REdacted Times and so many others in fact 99.9% of the media and government agency's do not fully comprehend that over 600 will die, over 30,000 will be injured and over 50,000 vehicles will be destroyed in 2019 alone by a "Passenger Vehicle That Is Towing A Trailer"
Our organization has the expertise to address as it was our organization within hours of this preventable accident over our sleepless night that discovered what the Associated Press discovered and only reported it 7 days after the horrific non explosive improvised killing machine.
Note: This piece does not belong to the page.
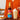 Torani pumpkin pie syrup bottle with a glass of pumpkin spice latte and whipped cream.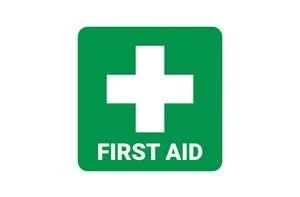 Green first aid sign with a white cross and the words 'FIRST AID' below.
The very first legislator that had an opportunity to prevent all of this was Congressman Cantor as he was the recipient of countless e mails that got us a meeting with NHTSA and the NTSB to discuss why since 1975 at the time of the meetings over 17,000 dead, 850,000 injured had occurred at that time. Since then all 50 Governors of the United States and every member of congress has been sent our critical information.
Time and time again we keep having the "Hamster Wheel" of Government step into our path and try and stop us from saving lives and making this issue known. Our family has sacrificed everything to the point of creditors coming after us because we are simply trying to "Fund" our cause and save lives.
This is not the first time our military members have been killed in the United States due to inaction of our public safety officials in Washington D.C.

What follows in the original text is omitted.